Let’s use the “prev” attribute to find a path from 1 to 6 in the residual graph. Run the cell to generate the augmenting path in the residual graph.
j = 6
flowpath = []
while j != 1:
i = G.nodes[j]["prev"]
flowpath.insert( 0, (i,j) )
j = i
print(flowpath)
And let’s find the minimum residual capacity on this path. First, we can get a list of the residual capacities for every edge in the path. Then, we use min
to find the smallest which we call delta.
path_capacities = [residualGraph.edges[i,j]['residual capacity'] for i,j in flowpath]
print(path_capacities)
delta = min(path_capacities)
print(delta)
Now we can use the function defined earlier to update the flow!
update_flow()
plot_flow()
plot_residual_graph()
Let’s run the labeling algorithm again.
labeling_algorithm()
Let’s define a new function to find and print an \(s-t\) path in the residual graph and its corresponding delta.
def print_path_and_delta():
global flowpath, delta
j = 6
flowpath = []
while j != 1:
i = G.nodes[j]["prev"]
flowpath.insert( 0, (i,j) )
j = i
print(flowpath)
path_capacities = [residualGraph.edges[i,j]['residual capacity'] for i,j in flowpath]
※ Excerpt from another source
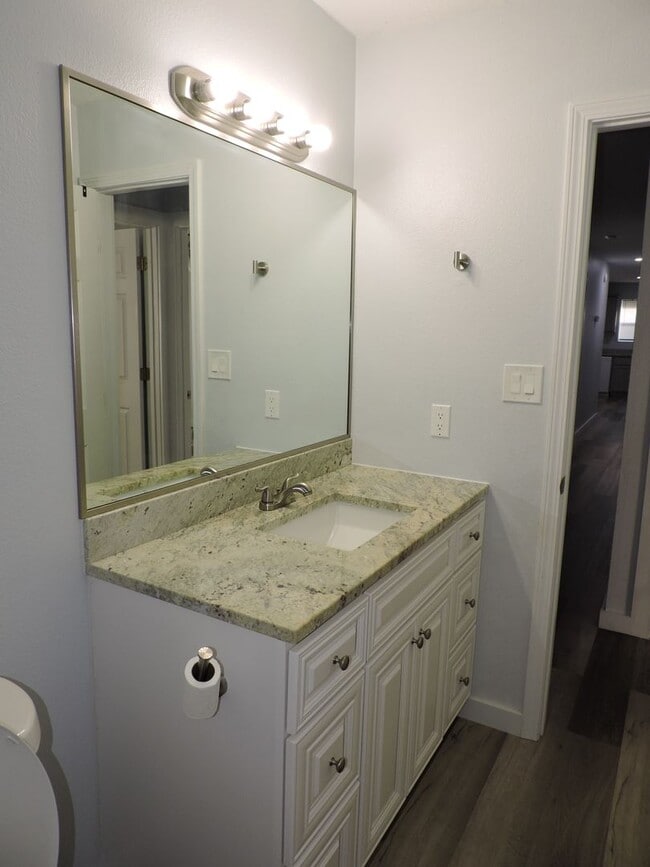 Building Photo - Lots of updates!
delta = min(path_capacities)
print(delta)
Run this cell to make sure your function works as expected.
print_path_and_delta()
Let’s update the flow again.
update_flow()
plot_flow()
print_path_and_delta()
Putting Everything Together#
You’re probably getting a bit sick from running each cell every time. Let’s automate the procedure!
import matplotlib.pyplot as plt
def ford_fulkerson(G):
for i, j in G.edges:
G.edges[i,j]['flow'] = 0
plot_residual_graph() # plot the residual graph
labeling_algorithm() # run the labeling algorithm to find a s-t path in the residual graph
while G.nodes[6]["check"]: # while there is an s-t path in the residual graph
plt.figure()
print_path_and_delta() # show it
update_flow() # update the flow
plot_residual_graph() # plot the new residual graph
labeling_algorithm() # run the labeling algorithm to find a s-t path in the new residual graph
# Define the input graph
G = nx.DiGraph()
edgeList = [(1,2,2),(1,3,5),(2,4,1),(3,2,1),(3,5,3),(4,6,6),(5,2,1),(5,4,2),(5,6,1)]
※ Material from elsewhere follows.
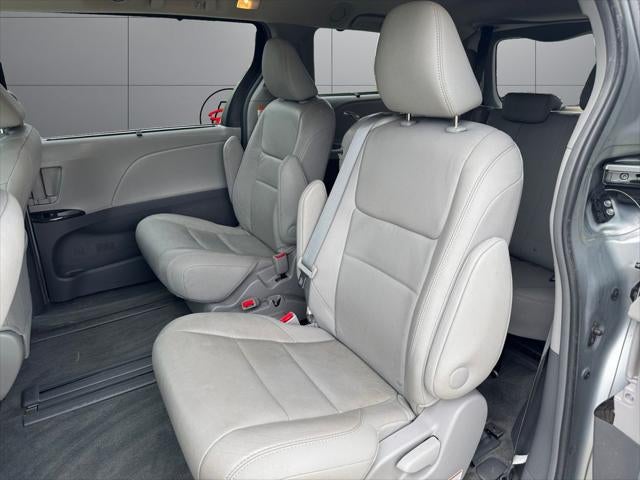 2015 Toyota Sienna XLE 8 Passenger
G.add_weighted_edges_from(edgeList, 'cap')
# Run Ford-Fulkerson
ford_fulkerson(G)
Let’s have a look at the maximum flow.
plot_flow()
Use the visual/interactive labeling algorithm to identify the checked nodes.
pos = ((0,0),(0,10),(10,20),(10,0),(30,20),(30,0),(40,10))
for i in range(1,7):
G.nodes[i]['pos'] = pos[i]
ex = max_flow(G)
ex.ford_fulkerson(s=1, t=6, show=False)
ex.label(s=1, auto=False, show=True)
Q: Which nodes were checked in the last run of the labeling algorithm? Use this to give a minimum cut. What is its capacity? How does it relate to the value of the optimal flow?
We have now implemented the Ford-Fulkerson algorithm in Python! With a few more tweaks, you could use this on any graph.
Bonus: You have seen all the ingredients necessary to also implement Dijkstra’s algorithm for the shortest path problem. Implement this algorithm in Python.